I don’t know that you should or shouldn’t be impressed. We’re talking about a School of Thought and what it has produced. By its nature it’s cherry-picked. Not every individual who ascribes to a School of Thought has contributed anything of substance, yet we don’t then dismiss the entire school as having no accomplishments. If I say ‘Enlightenment Thought brought about democracy.’ We generally see this as meaning that particular subsets of ideas of a much larger pool of ideas brought it about. This doesn’t mean that the Enlightenment didn’t do bad things as well, nor does it mean that the Enlightenment was monolithic or that it is even possible to write down exactly what we mean by ‘Enlightenment Thinking’ since there is a diversity of opinion. The point though is that democracy was the outcome of simmering in this pot of ideas we call the Enlightenment. (OK, maybe not really, but rather than shift the argument to what exactly the Enlightenment did or did not accomplish, let’s pretend that it brought about democracy.)

I think that it’s completely fair to say that Christianity brought about some horrible atrocities, some really nasty stuff. I think it’s also fair to say that it brought about some pretty good things. Of course Christianity demonstrates significant theological support for human rights and it’s quite ignorant to say otherwise. The pope today just came out against the death penalty.
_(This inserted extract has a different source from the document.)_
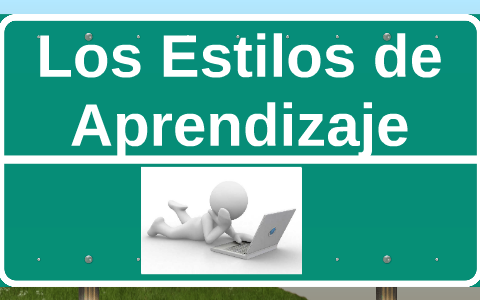 Los Estilos de Aprendizaje by Karla Aguayo on Prezi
The Abolitionist movement was largely Christian in character and supported theologically by many churches. The Pietists were anti-war before it was cool. I think that what you’re trying to do is create what you think is ‘true Christianity’ and then saying everyone that isn’t that ‘true’ form is not really part of that line of thought and it’s a ridiculous claim. The Socinians were certainly part of the body of Christian thought and they certainly had significant theological support for human rights. Just because you may pick another Christian group and call them ‘real’ Christians and say they disagreed with the Socinians doesn’t make the Socinians less Christian except in your own fictional universe. It’s the same thing that fundamentalists do. They invent ‘fundamentals’ and then accuse everyone else of not being ‘real’ Christians if those others disagree with those fundamentals.